7. The preparation method of the kit for determining p2PSA based on latex-enhanced immunoturbidimetric assay according to claim 6, characterized in that, Prior to coupling, the large-diameter latex microspheres were washed, centrifuged, and reconstituted. And / or, prior to coupling, the small-diameter latex microspheres are washed, centrifuged, and reconstituted; And / or, the volume ratio of the carbodiimide and N-hydroxythiosuccinimide is 3~5:6~10, preferably 1:2, the concentration of carbodiimide is 10~30 mg / mL, and the concentration of succinimide is 20~30 mg / mL. And / or, the sealing liquid used in the sealing step includes at least one of DB1130, CE510, and CE210; And / or, in the resuspension step, a preservation solution is used for resuspension, the preservation solution comprising a buffer, a stabilizer, a surfactant, and a preservative; wherein the buffer comprises any one of piperazine-N,N-di(2-ethanesulfonic acid) buffer, 3-[N,N-di(hydroxyethyl)amino]-2-hydroxypropanesulfonic acid, and 3-(cyclohexylamino)-2-hydroxy-1-propanesulfonic acid buffer; the stabilizer comprises at least one of gelatin or casein; the surfactant is at least one of polyoxyethylene fatty alcohol ether, fatty acid glyceride, sucrose fatty acid ester, fatty acid sorbitan, and polysorbate; and the preservative is at least one of sodium azide, gentamicin, and isothiazolinones.

8. The use of a kit for determining p2PSA based on latex-enhanced immunoturbidimetry as claimed in any one of claims 1-5 in the preparation of products for determining p2PSA.

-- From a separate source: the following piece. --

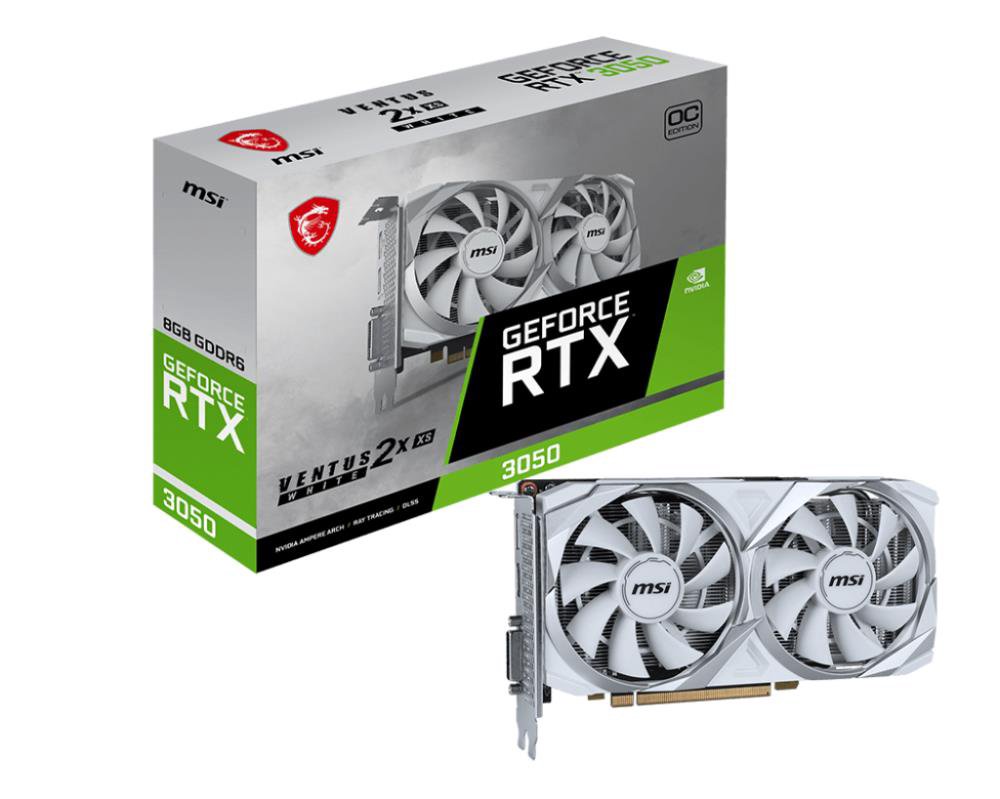 Vaizdo plokštė MSI GeForce RTX 3050 VENTUS 2X XS WHITE 8G OC  NVIDIA  8 GB  GeForce RTX 3050  GD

9. A method for determining p2PSA based on latex-enhanced immunoturbidimetry, characterized in that, Using the sample to be tested, an immune reaction was performed using the kit for determining p2PSA based on latex-enhanced immunoturbidimetry according to any one of claims 1-5, and the turbidity of the resulting reaction product was detected.

10. The method for determining p2PSA based on latex-enhanced immunoturbidimetry according to claim 9, characterized in that, include: The test sample and calibrator were mixed with the reaction solution and incubated. Then, latex antibody reagent was added, and the absorbance of the test sample and calibrator was measured separately. A standard curve was plotted based on the content of the calibrator and the measured absorbance. The p2PSA content in the test sample was calculated based on the standard curve. Optionally, the volume ratio of the test sample, reaction solution, and latex antibody reagent is 10~20:90~270:30~90, preferably 15:180:60.